I am certain that you are likewise poring over the magazine’s details. Does this year’s course favor sprinters or climbers? Who leads the strongest team? Is Team Sky cycling’s New York Yankees? Will Chris Froome even be allowed to compete given his negative doping results? Should I continue?
The most exciting of all the features are of course the details about the course and the tour’s opening three days. There, portrayed on two pages, are the descriptions of the 9.7km time trial in Jerusalem, the second 167km stage traversing the coastal roads from Haifa to Tel Aviv, and the third 229km stage through the Negev desert and traveling from Beersheva to Eilat. This is followed by a travel day. The Giro then continues to Italy with stage four in Sicily where the cyclists will climb Mount Etna.
And then it occurs to me. I discover, amidst what I fear appears to many cycling mumbo jumbo, an essential truth about Zionism and the modern State of Israel. The dream of Israel’s founders was that it would be a state like all other states. It would be a nation like all other nations.
Stage 3 crosses the Negev Desert, running by several landmarks dedicated to David Ben-Gurion, Israel’s founder and first prime minister. The route then runs through Ramon Crater, a sizable pit in the desert formed by erosion. Its 40-kilometer diameter makes it the largest such geographical feature in the world. A very steep, 1,200-meter climb leads the peloton out and toward the expected sprint finish in Eilat, a seaside resort on the Red Sea.What an ordinary description. Change the details and this this could be a description of a route through any country. VeloNews affirms our earliest dreams for Israel. We want to be like everyone else. We want a country we can call our own.
And that was of course Ben-Gurion’s vision. The early Zionists believed that what ailed the Jewish people was its lack of a nation-state. And now, 70 years later, we have it. Israel is a country like all others. It has geographical features and resorts. It has monuments to its heroes and prime ministers.
And yet I am not nearly as enthralled by stage four as I am by three. Sicily exerts little pull on my Jewish soul. Israel serves as a home for the homeless Jewish people.
It serves as refuge for Jews fleeing persecution. If the bonds to the countries we call home become tenuous we can rest assured that one place would open its doors. Israel was founded to be like all other nation states. And yet we believe it to be unlike others.

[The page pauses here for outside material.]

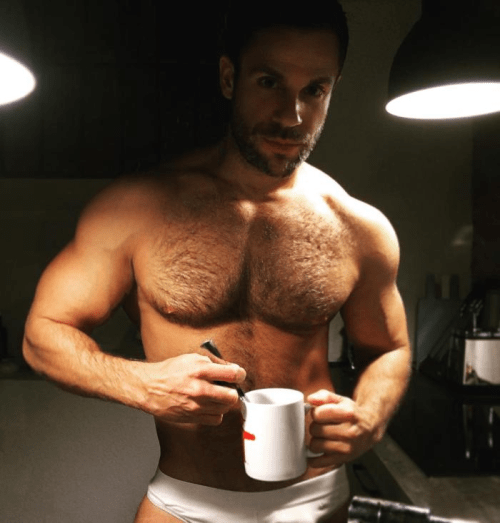 underwear, muscular man, coffee lover, handsome, hunk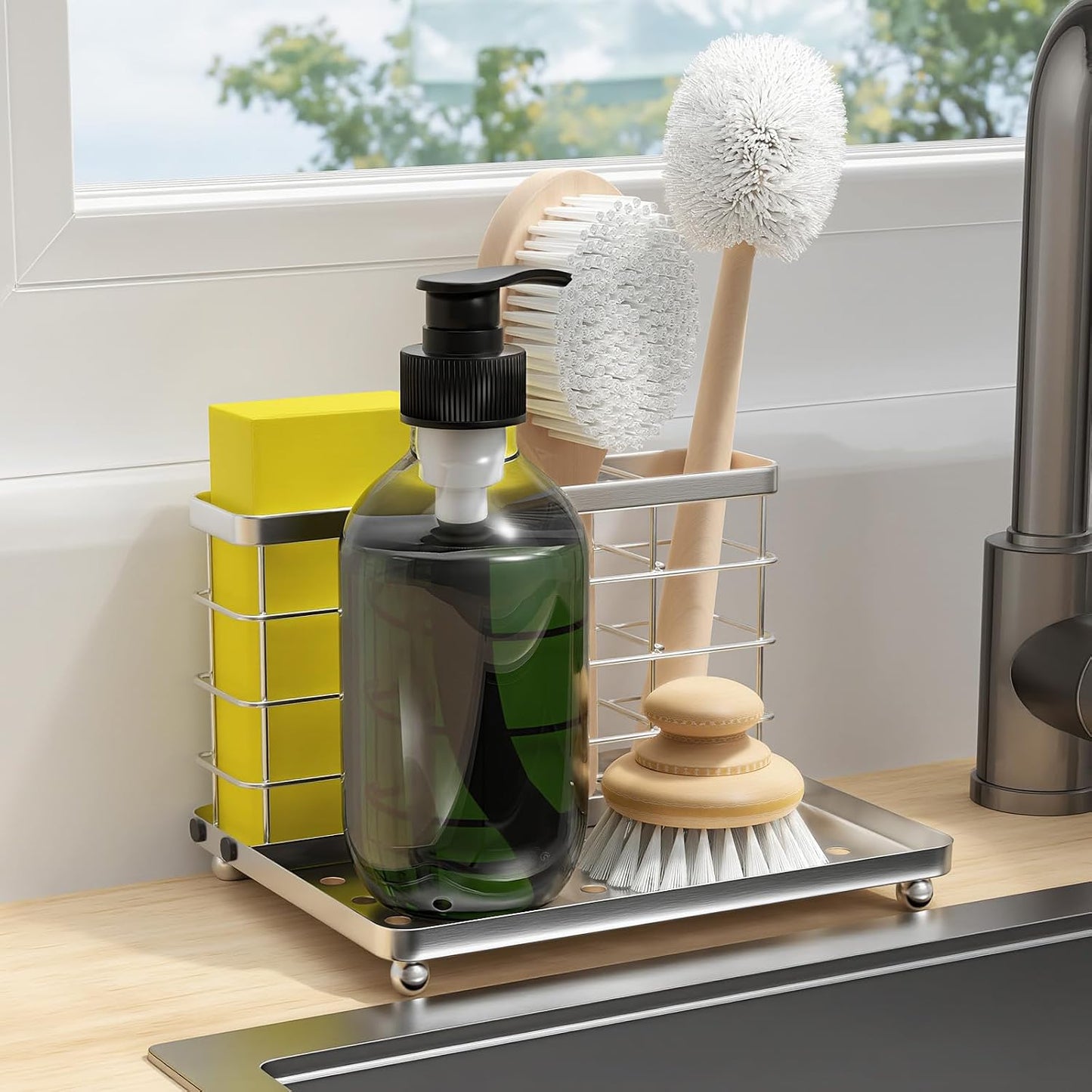 Luxspire Toothbrush Holders for Bathroom, Stainless Steel, 6 Slots, Black | Toothbrush Holders With Drainage, For Bathroom Countertop & Kitchen Sink, Bathroom Accessories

Israel is a nation like all others but then again it is not. It figures prominently in our dreams.
Zionism was meant to secure our Jewish future by ensuring that all will be able to call at least one place home. Israel aspires to be more than a refuge. It tugs on the Jewish spirit.

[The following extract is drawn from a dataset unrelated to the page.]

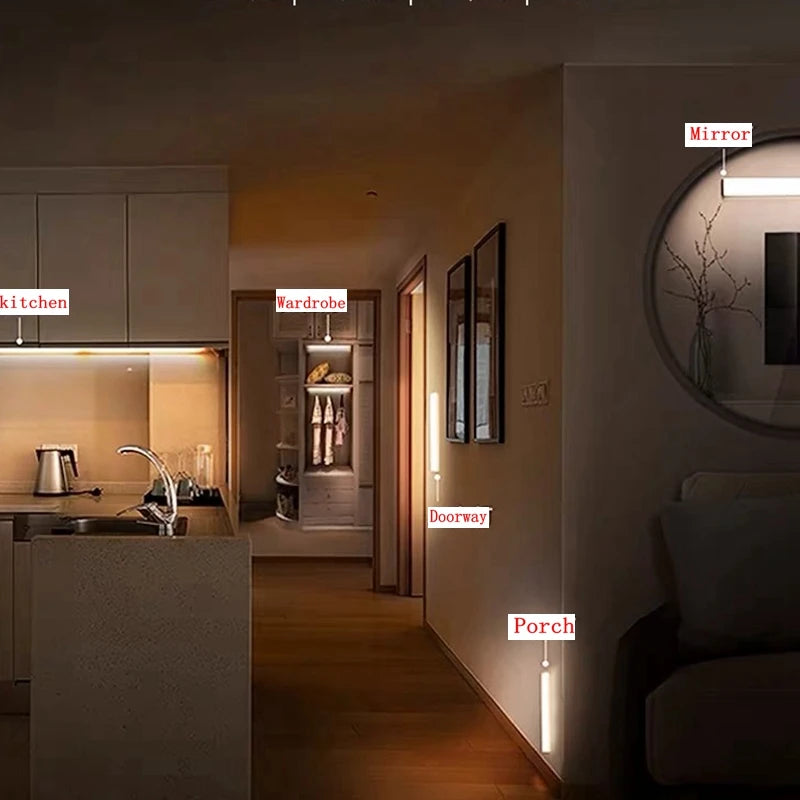 Luz noturna LED sem fio com sensor de movimento, tipo C, recarregável, para armário, guarda-roupa, escada, luz de fundo para cozinha LED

I could love Rome, and love visiting there, and I could dream about watching professional cyclists sprint to this year’s finish outside its fabled coliseum, but I will remain forever in love with Jerusalem.
Israel may very well be a country like all others, with problems and imperfections like every other nation state throughout the world but yet I sense it is more. Jews throughout the world attach themselves to its achievements. They lament its failures.
It is like every other country. Then again it is not.
It is our other home.
We rejoice in 70 years of statehood.